FT.AGGREGATE

Syntax text Syntax diagram API methods

FT.AGGREGATE index query 
  [VERBATIM] 
  [LOAD count field [field ...]] 
  [TIMEOUT timeout] 
  [GROUPBY nargs property [property ...] [REDUCE function nargs arg [arg ...] [AS name] [REDUCE function nargs arg [arg ...] [AS name] ...]] ...]] 
  [SORTBY nargs [property ASC | DESC [property ASC | DESC ...]] [MAX num] [WITHCOUNT | WITHOUTCOUNT]] 
  [APPLY expression AS name [APPLY expression AS name ...]] 
  [LIMIT offset num] 
  [FILTER filter] 
  [WITHCURSOR [COUNT read_size] [MAXIDLE idle_time]] 
  [PARAMS nargs name value [name value ...]] 
  [SCORER scorer]
  [ADDSCORES] 
  [DIALECT dialect]

Client:

aggregate(
    query: Union[str, Query],  // The aggregation query
    query_params: Optional[Dict[str, Union[str, int, float]]]  // Optional query parameters
) → AggregateResult  // The aggregation results

AGGREGATE(
    index: RedisArgument,  // The index name
    query: RedisArgument,  // The aggregation query
    options: FTAggregateOptions  // Optional aggregation options
) → Promise<AggregateResult>  // The aggregation results

ftAggregate(
    indexName: String,  // The index name
    aggr: AggregationBuilder  // The aggregation builder
) → AggregationResult  // The aggregation results

FTAggregate(
    ctx: context.Context,
    index: string,  // The index name
    query: string  // The aggregation query
) → *MapStringInterfaceCmd  // The aggregation results

FTAggregateWithArgs(
    ctx: context.Context,
    index: string,  // The index name
    query: string,  // The aggregation query
    options: *FTAggregateOptions  // Aggregation options
) → *AggregateCmd  // The aggregation results

Aggregate(
    index: string,  // The index name
    query: AggregationRequest  // The aggregation query
) → AggregationResult  // The aggregation results

AggregateAsync(
    index: string,  // The index name
    query: AggregationRequest  // The aggregation query
) → Task<AggregationResult>  // The aggregation results

ftaggregate(
    $index: string,  // The index name
    $query: string,  // The aggregation query
    $arguments: ?AggregateArguments  // Optional aggregation arguments
) → array  // The aggregation results

Available in:: Redis Open Source / Search 1.1.0
Time complexity:: O(1)
ACL categories:: @search, @read, @fast,
Compatibility:: Redis Software and Redis Cloud compatibility

Run a search query on an index and perform aggregate transformations on the results.

Note:

This command will only return keys to which the user has read access.

Examples

Required arguments

index

is index name against which the query is executed. You must first create the index using FT.CREATE.

query

is base filtering query that retrieves the documents. It follows the exact same syntax as the search query, including filters, unions, not, optional, and so on.

Optional arguments

VERBATIM

if set, does not try to use stemming for query expansion but searches the query terms verbatim.

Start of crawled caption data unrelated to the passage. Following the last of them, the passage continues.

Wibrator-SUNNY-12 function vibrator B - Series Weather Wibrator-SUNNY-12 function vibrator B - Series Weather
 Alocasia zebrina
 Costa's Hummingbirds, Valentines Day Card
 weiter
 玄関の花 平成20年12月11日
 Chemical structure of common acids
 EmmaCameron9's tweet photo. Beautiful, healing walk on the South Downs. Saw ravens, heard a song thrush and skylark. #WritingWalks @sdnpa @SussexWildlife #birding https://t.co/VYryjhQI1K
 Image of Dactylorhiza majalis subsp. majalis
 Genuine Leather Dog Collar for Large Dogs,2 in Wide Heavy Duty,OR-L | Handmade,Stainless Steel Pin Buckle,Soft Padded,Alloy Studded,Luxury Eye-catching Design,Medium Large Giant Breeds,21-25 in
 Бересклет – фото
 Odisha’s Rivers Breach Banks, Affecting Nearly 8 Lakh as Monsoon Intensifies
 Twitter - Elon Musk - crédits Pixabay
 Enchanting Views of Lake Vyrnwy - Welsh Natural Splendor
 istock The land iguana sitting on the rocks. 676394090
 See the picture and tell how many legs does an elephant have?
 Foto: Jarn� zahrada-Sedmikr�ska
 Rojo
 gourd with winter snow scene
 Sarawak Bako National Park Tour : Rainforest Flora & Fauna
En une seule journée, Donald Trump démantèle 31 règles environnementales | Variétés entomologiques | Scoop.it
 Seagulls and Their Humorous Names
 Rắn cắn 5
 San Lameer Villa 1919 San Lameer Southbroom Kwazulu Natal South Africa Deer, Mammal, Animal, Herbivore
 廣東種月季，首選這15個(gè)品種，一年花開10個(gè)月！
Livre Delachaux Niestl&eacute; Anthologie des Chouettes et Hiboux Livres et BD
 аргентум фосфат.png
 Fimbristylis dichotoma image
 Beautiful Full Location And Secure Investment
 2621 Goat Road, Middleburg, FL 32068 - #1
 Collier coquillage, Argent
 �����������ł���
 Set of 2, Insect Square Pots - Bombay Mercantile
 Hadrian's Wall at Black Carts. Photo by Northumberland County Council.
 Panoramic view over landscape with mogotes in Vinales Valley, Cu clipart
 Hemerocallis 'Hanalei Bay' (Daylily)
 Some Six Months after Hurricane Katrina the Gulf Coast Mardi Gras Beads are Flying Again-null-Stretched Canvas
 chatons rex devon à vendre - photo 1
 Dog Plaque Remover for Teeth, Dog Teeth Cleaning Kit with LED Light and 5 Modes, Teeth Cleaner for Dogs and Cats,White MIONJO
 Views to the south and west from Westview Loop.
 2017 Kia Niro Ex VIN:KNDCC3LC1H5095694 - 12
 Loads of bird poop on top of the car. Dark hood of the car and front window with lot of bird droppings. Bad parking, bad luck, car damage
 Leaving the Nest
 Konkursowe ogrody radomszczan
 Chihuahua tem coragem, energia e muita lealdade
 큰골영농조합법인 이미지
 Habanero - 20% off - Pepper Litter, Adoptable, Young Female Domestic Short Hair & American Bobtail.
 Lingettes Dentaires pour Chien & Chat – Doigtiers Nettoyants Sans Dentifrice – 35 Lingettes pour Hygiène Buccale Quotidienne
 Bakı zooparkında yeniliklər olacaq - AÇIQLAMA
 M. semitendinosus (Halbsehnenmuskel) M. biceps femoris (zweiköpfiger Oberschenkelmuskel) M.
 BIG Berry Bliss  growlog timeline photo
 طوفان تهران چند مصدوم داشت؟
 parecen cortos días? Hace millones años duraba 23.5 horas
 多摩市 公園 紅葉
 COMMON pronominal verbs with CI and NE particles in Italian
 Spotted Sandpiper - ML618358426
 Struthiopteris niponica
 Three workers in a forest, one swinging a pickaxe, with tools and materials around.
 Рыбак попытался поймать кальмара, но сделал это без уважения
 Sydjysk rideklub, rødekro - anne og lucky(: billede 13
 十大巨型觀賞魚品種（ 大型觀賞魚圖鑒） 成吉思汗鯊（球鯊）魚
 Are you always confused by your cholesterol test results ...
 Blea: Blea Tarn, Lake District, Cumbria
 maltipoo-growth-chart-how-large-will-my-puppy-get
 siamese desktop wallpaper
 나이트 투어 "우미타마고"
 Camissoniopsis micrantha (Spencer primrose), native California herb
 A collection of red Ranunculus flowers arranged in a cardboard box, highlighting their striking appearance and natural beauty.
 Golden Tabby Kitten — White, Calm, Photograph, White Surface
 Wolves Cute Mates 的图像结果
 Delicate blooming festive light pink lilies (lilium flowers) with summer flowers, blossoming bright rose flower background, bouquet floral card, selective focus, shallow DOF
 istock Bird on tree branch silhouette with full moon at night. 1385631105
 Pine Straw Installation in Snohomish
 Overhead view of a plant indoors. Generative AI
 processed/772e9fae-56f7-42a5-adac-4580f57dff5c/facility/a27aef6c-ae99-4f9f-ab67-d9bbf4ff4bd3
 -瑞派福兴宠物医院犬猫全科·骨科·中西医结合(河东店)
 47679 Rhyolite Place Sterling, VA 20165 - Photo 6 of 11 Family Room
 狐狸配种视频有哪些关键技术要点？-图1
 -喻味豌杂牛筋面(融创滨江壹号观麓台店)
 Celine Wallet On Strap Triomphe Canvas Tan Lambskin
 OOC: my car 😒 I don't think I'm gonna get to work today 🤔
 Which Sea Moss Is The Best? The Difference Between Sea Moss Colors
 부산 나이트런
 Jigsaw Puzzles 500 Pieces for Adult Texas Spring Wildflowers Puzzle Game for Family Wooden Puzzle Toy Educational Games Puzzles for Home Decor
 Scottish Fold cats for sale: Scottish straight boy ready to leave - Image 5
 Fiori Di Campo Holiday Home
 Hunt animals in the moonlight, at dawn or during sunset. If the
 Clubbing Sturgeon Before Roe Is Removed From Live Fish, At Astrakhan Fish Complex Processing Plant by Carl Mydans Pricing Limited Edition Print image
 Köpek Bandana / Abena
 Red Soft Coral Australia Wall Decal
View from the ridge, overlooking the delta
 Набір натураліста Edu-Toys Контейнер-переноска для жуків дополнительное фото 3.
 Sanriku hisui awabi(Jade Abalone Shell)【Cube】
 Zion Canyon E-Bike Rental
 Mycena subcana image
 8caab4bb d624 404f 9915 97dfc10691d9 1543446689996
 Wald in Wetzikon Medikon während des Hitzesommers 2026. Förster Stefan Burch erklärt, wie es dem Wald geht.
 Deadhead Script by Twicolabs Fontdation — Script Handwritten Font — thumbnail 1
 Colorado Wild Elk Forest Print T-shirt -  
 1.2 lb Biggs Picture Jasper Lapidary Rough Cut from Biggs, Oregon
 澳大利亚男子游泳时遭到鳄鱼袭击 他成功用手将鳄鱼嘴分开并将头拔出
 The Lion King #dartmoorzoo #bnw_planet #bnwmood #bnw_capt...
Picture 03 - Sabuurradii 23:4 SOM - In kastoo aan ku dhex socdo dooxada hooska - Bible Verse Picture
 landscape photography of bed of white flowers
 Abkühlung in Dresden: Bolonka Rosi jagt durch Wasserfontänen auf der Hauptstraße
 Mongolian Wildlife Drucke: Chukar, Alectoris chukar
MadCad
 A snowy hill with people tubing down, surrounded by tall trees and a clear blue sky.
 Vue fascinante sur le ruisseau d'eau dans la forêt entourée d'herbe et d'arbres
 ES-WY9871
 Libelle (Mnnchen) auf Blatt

LOAD {nargs} {identifier} AS {property} …

loads document attributes from the source document.

identifier is either an attribute name for hashes and JSON or a JSON Path expression for JSON.
property is the optional name used in the result. If it is not provided, the identifier is used. This should be avoided.
If * is used as nargs, all attributes in a document are loaded.

Attributes needed for aggregations should be stored as SORTABLE, where they are available to the aggregation pipeline with very low latency. LOAD hurts the performance of aggregate queries considerably because every processed record needs to execute the equivalent of HMGET against a Redis key, which when executed over millions of keys, amounts to high processing times.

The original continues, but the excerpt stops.